If you want to give feedback, and I welcome it, remember that I must avoid techniques that add too much time or too many steps. However, ideas on placement of highlights and whether the last highlight needs to be stronger, or there's too much of a jump from one shade to the next, is very useful as that's sometime that I can do without increasing how long it takes to paint each miniature.
Here's a quick look at the steps I take:
- I start with a base coat. This is my mid colour.
- A glaze/wash is created using Fluid Matte Medium, Flow-Aid Water, Slow-Dri and paint. So far it's been a tinting colour rather than a darkened version of the base. I will experiment with a darkened version of the base in my next batch. I fould the Slow-Dri to be essential, as much as I didn't want the glaze to dry slower, it tended not to stain the raised areas when I used it. I got back and try to pull any puddles out of the raised areas. This becomes my shade.
- The first highlight is just the mid colour again. I paint it on like a highlight hitting any surfaces facing towards the light.
- The second highlight is the mid colour usually lightened with white. I choose white because I generally want items to look washed out and drab. I reserve this for upwards facing edges although one of my biggest challenge is to not over-use it.
Here is the base I'm planning. The box contains 52 miniatures. Victrix British Peninsular Center Company, 28mm multi-part hard plastic. I am basing them 8 to a 60x60mm base. I am painting in batches of six, because I find it most efficient.
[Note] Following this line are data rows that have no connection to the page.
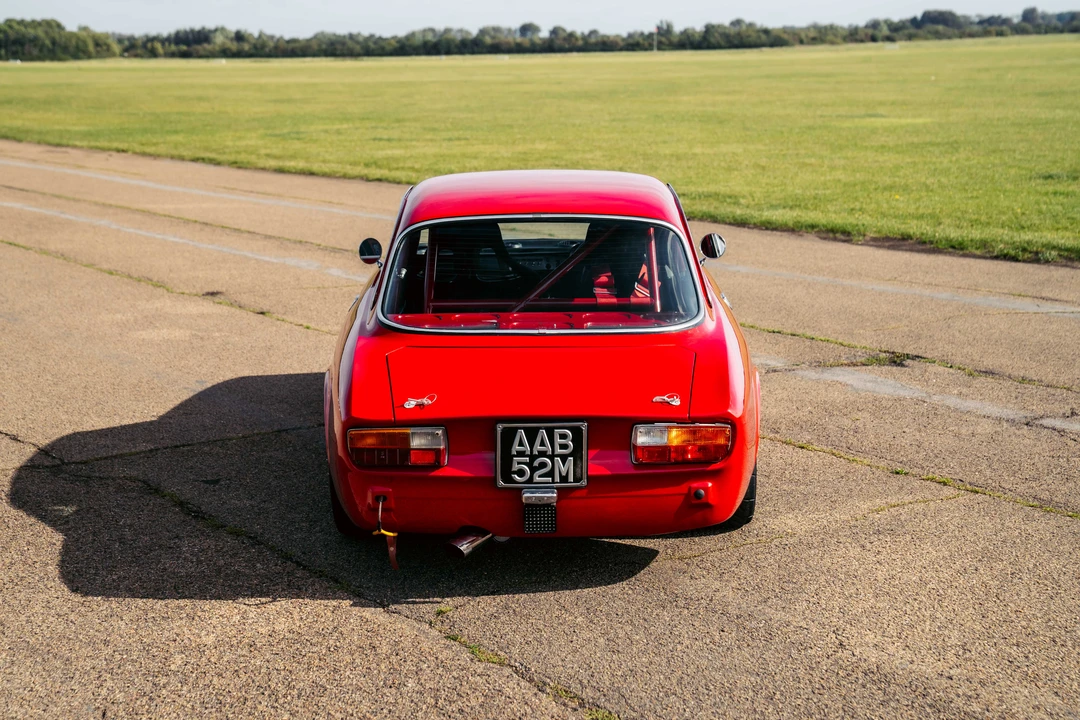 1974 Alfa Romeo 2000 GT Veloce - Image 15 of 31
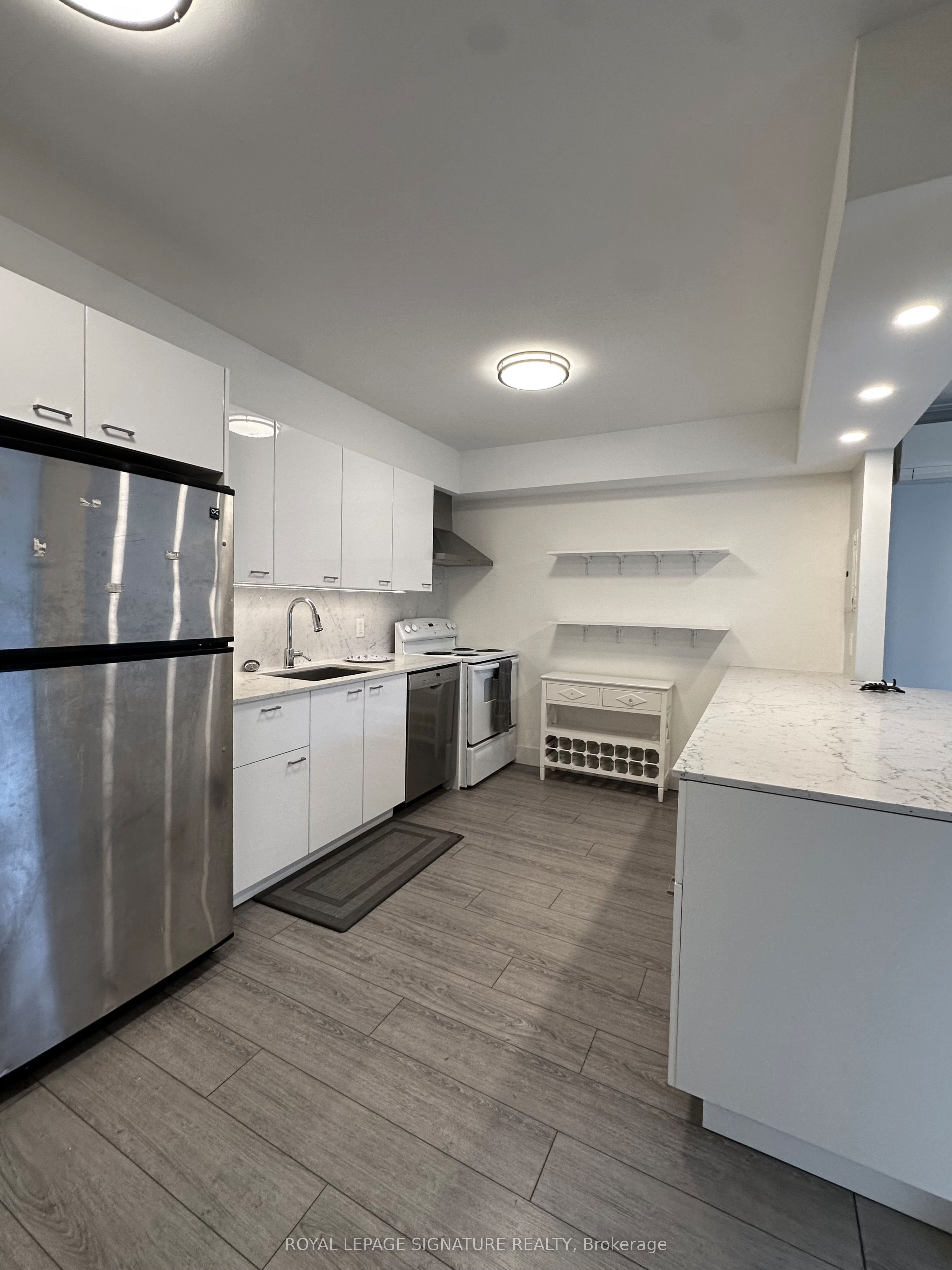 1089 Broadview Avenue 3, Toronto, ON M4K 2S4 photo 4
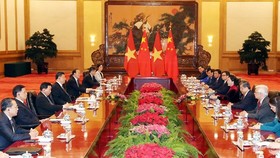 While in Beijing, NA Chairwoman Nguyen Thi Kim Ngan holds talks with Chairman of the Standing Committee of the National People’s Congress of China Li Zhanshu. (Photo: VNA)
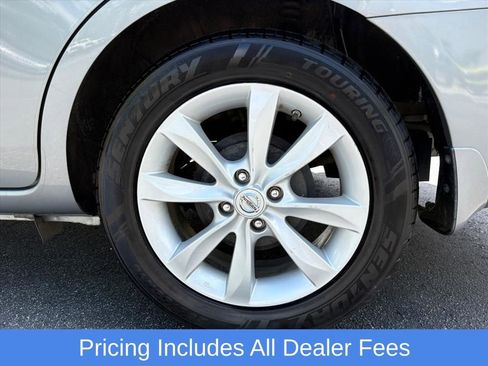 Used 2014 Nissan Versa FWD image 26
Click to see full-sized image
This is after a couple painting sessions, maybe three hours in. There are six being painted all together, but I cropped to three to better show detail. I've finished the flesh, red of the jackets, and the grey pants. Grey pants were last and it was only when I'd painted three did I discover the positive improvement Slow-Dri made.
Paints are Vallejo Model Colour, mediums by Liquitex.